The Devil and Miss Jones not only differs from this era’s usual depiction of unions but it also better represents the real union work happening in America at the time. A prologue card tells the audience that this story is entirely fictional and in no way inspired by other rich men that may resemble Mr. Merrick. However, this is a lie. The story of Neeley’s Department Store is based on a real sit-down protest demonstrated by Woolworth’s employees, who were mostly women, in several major cities in 1937. Their protest was nonviolent and enacted real change just like in the movie.

When The Devil and Miss Jones premiered in 1941, it signaled a changing tide in the industry. Workers within Hollywood were organizing just like the workers in the movie, and they were succeeding. The Screen Writers Guild members signed their first union contracts months after the film was released. This came after years of union suppression by studio heads. Studios sent out spies to infiltrate SWG meetings and out activists. Jack Warner of Warner Bros. threatened to blacklist every writer striving for union organization, just as Merrick threatened to do to his department store employees. In the end, the writers won out and workers’ rights within Hollywood drastically changed. Two years later, Olivia de Havilland won her landmark case against Warner Bros. that challenged unfair contracts common for actors at the time. Even if Hollywood didn’t want to admit it, workers had more power than was depicted in most of the movies made about them.

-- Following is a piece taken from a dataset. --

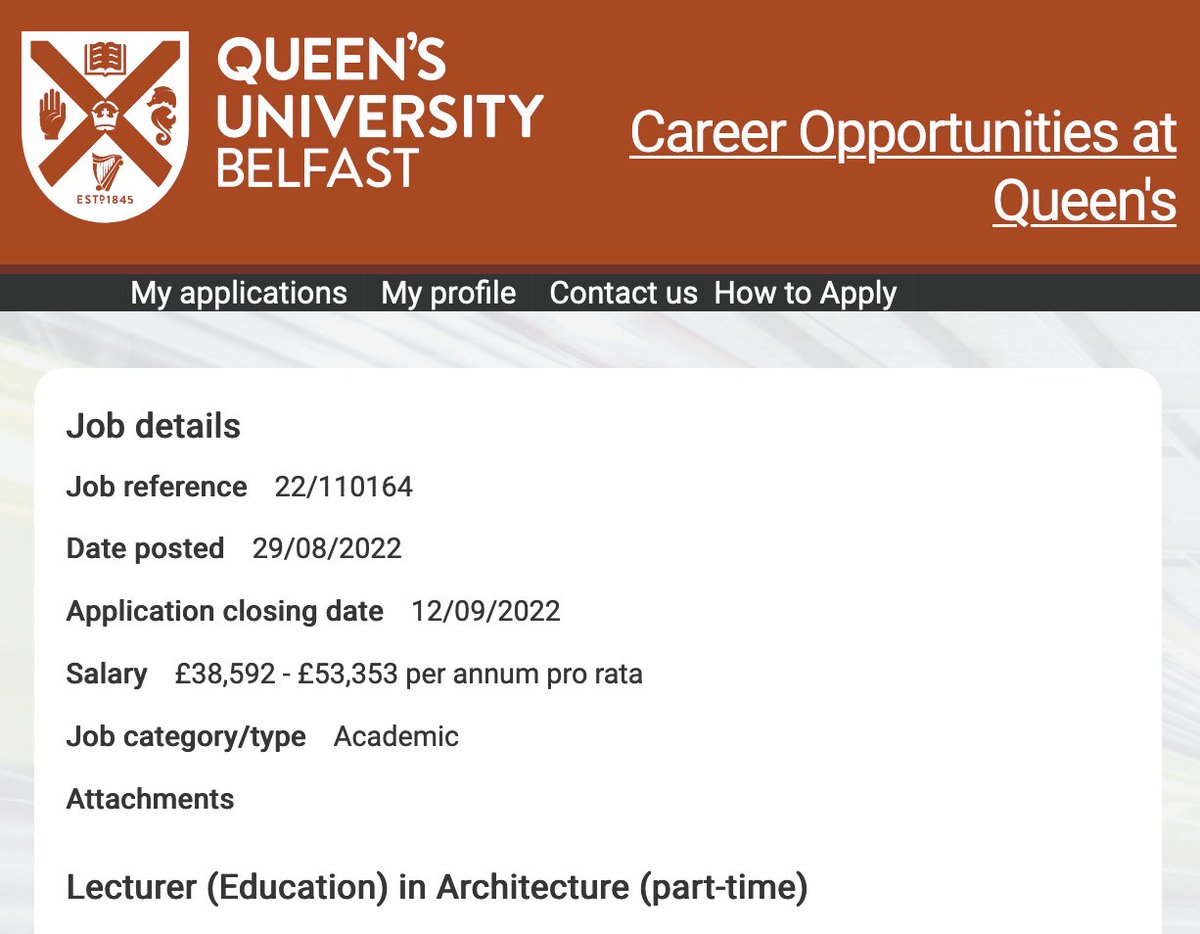 Please share...Educate future architects? Are you an architect with expertise in professionalism &amp; design, &amp; interested in educating the next gen architects?  We seeking a UK/Irish architect, £38,592 - £53,353 per annum pro rata, deadline 120922 - see bit.ly/3RoPSPk.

As audiences of today watch The Devil and Miss Jones, they can see an accurate depiction of unions during and after the Great Depression, despite the comedic nature of the movie. The Devil and Miss Jones earned two Oscar nominations, one of them for Best Screenplay and the other for Best Supporting Actor for Coburn. Yet, this movie is not one that historians look to in order to understand American society during the 1940s. It doesn’t fit within the classics usually accepted as the true depiction of the era, like Frank Capra movies or film noir. It actively challenges the nostalgia for a time believed to be filled with obedient lower-class workers content with honest hard work. Watching The Devil and Miss Jones today gives audiences a look into what was really going on in America in 1941 and still makes them laugh in the process.